Paix sur vous : Marie et la paix que le monde ne peut donner

Pacem relinquo vobis: Maria e a paz que o mundo não pode dar

Pacem relinquo vobis : la paix de Jésus et la tradition mariologique

Introduction

Le verset “Pacem relinquo vobis, pacem meam do vobis ; non quomodo mundus dat, ego do vobis” (Jn 14,27) est une profonde affirmation du discours d’adieu de Jésus, révélant la nature unique de la paix qu’Il promet à Ses disciples. Cette paix, contrastant avec celle offerte par le monde, est un thème central dans la théologie mariologique, en particulier en relation avec Marie, la Mère de Dieu.

I. La Paix de Jésus vs. la Paix du Monde

Le mot hébreu *shalom*, traduit par “paix”, va au-delà de la simple absence de conflit. Il représente la plénitude, l’intégrité et le bien-être total, s’alignant sur la condition d’harmonie avec Dieu, avec soi-même et avec les autres. La salutation liturgique juive *shalom aleichem* (“paix sur toi”) aspire à la plénitude intégrale.Jésus distingue sa paix de la paix offerte par le monde. La paix mondaine est contingente, dépendante de circonstances extérieures favorables. En contraste, la paix de Jésus est intrinsèquement liée à sa relation avec le Père et à sa nature divine, immunisée contre les changements des circonstances.La tradition mystique chrétienne identifie la paix de Jésus comme une *sérénité* ou une *consolation spirituelle*, une paix qui coexiste avec la souffrance, soutenue par la foi en Dieu. Ce don est reçu à travers l’ouverture à l’Esprit Saint.

II. Marie “Stabat” : La Paix dans la Souffrance

Jn 19,25 décrit Marie comme étant “debout près de la Croix de Jésus”. Le verbe grec *histêken* signifie être debout, symbolisant la posture orante et fidèle de Marie devant le mystère divin. Cette position n’est pas du stoïcisme, mais une expression d’une profonde douleur et d’une foi inébranlable.Le *Stabat Mater*, un hymne médiéval, dépeint Marie comme le modèle de la “nuit obscure de la foi”, où la consolation sensible disparaît et la foi se soutient par l’adhésion à la parole du Christ. Sa présence près de la Croix est l’expérience radicale de la paix que Jésus a promise, une paix qui transcende la souffrance.

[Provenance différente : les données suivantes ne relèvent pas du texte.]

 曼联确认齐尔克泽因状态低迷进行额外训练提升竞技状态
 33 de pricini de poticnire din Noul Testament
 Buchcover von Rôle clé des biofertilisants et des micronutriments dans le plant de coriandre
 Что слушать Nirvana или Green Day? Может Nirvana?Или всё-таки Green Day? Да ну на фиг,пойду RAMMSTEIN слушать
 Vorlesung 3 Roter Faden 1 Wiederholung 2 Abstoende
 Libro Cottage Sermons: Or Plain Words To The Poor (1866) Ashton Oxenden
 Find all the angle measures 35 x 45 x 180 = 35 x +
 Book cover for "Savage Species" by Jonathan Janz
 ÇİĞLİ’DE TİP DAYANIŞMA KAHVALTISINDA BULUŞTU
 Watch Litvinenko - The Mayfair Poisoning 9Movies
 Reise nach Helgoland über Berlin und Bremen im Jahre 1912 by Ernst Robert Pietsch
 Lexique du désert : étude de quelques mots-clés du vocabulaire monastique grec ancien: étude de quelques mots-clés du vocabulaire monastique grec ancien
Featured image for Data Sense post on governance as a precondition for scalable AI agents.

III. “Ne vous troublez pas le cœur”: Sérénité Escatologique

Jn 14,27 exhorte les disciples : “Ne vous troublez pas le cœur, ni ne vous effrayez”. Le trouble et la peur sont des réponses humaines naturelles aux menaces et aux incertitudes. Jésus demande de résister à ces réactions, offrant la paix qu’Il promet de donner.Maria, en recevant la nouvelle de l’Annonciation, a d’abord éprouvé une perturbation initiale, mais elle a rapidement répondu par le *fiat*, apprenant à transformer cette perturbation en paix au cours de sa vie avec le Fils. Sa sérénité n’est pas indifférence, mais une vertu surnaturelle, fruit de la grâce divine.

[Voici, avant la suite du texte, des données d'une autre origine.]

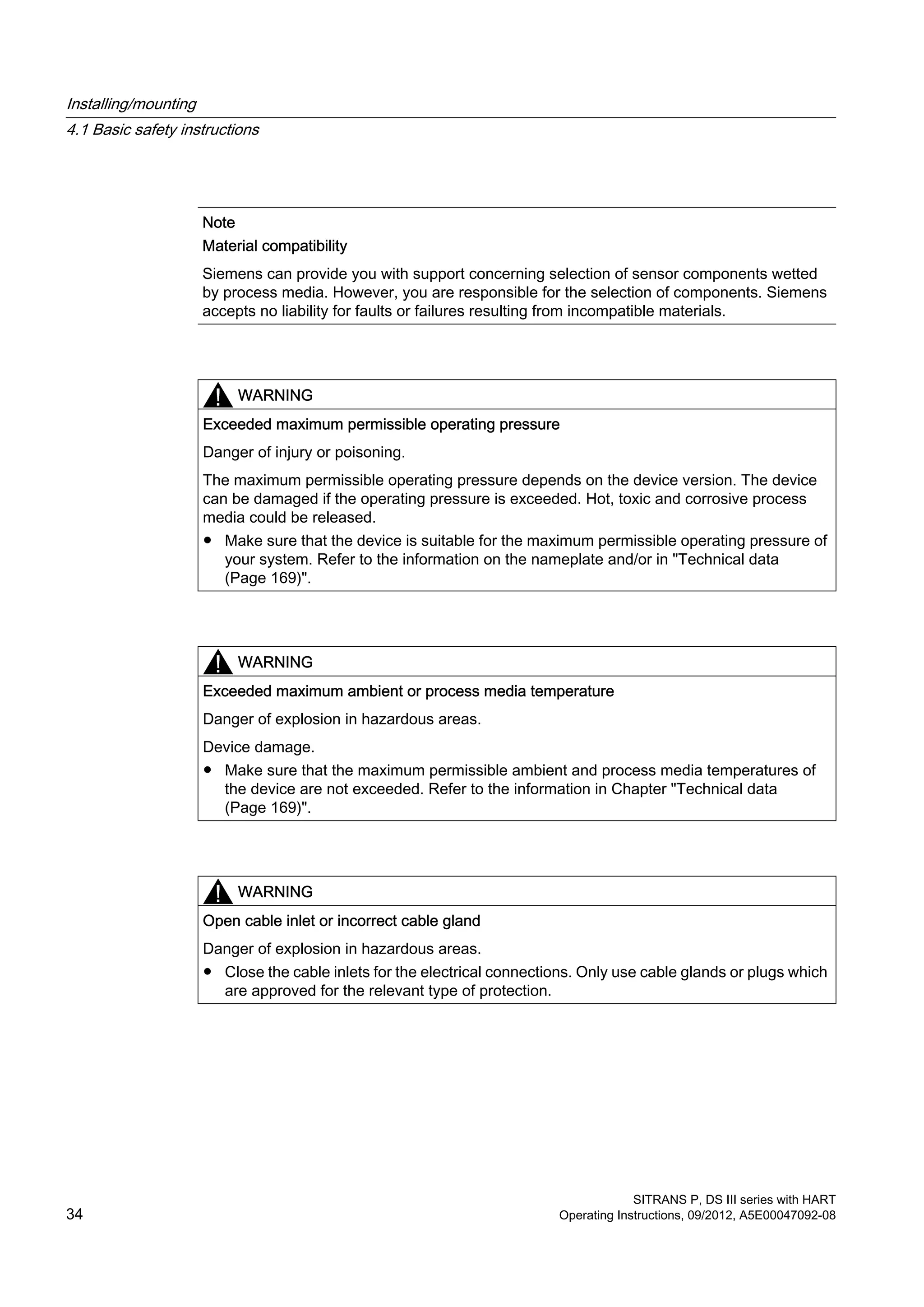 Note
Material compatibility
Siemens can provide you with support concerning selection of sensor components wetted
by process media. However, you are responsible for the selection of components. Siemens
accepts no liability for faults or failures resulting from incompatible materials.
WARNING
Exceeded maximum permissible operating pressure
Danger of injury or poisoning.
The maximum permissible operating pressure depends on the device version. The device
can be damaged if the operating pressure is exceeded. Hot, toxic and corrosive process
media could be released.
● Make sure that the device is suitable for the maximum permissible operating pressure of
your system. Refer to the information on the nameplate and/or in "Technical data
(Page 169)".
WARNING
Exceeded maximum ambient or process media temperature
Danger of explosion in hazardous areas.
Device damage.
● Make sure that the maximum permissible ambient and process media temperatures of
the device are not exceeded. Refer to the information in Chapter "Technical data
(Page 169)".
WARNING
Open cable inlet or incorrect cable gland
Danger of explosion in hazardous areas.
● Close the cable inlets for the electrical connections. Only use cable glands or plugs which
are approved for the relevant type of protection.
Installing/mounting
4.1 Basic safety instructions
SITRANS P, DS III series with HART
34 Operating Instructions, 09/2012, A5E00047092-08
 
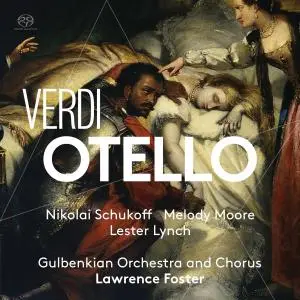 Gulbenkian Orchestra, Lawrence Foster, Nikolai Schukoff & Melody Moore - Verdi: Otello (2017)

IV. Marie, Reine de la Paix et Intercesseuse

Le titre de “Prince de la Paix” (Is 9,5) est attribué à Jésus en tant que Messie, dont la paix est atteinte par le don de lui-même sur la Croix. Marie, en tant que *Regina Pacis*, est l’intercesseuse pour la paix dans le monde, surtout en période de conflit.Les apparitions de Fatima en 1917, demandant la conversion et la paix, reflètent le rôle urgent de Marie comme avocate de la paix dans un monde en guerre. Son intercession pour la paix escatologique, le *shalom* définitif du Royaume de Dieu, anticipe la paix promise par Jésus.

Conclusion

Marie, “debout près de la Croix” et Reine de la Paix, incarne la paix que Jésus a promise, différente de la paix mondaine. Son intercession est un puissant appel à la paix dans un monde en quête de celle-ci. Par la contemplation de Marie glorifiée, l’Église anticipe le *shalom* définitif.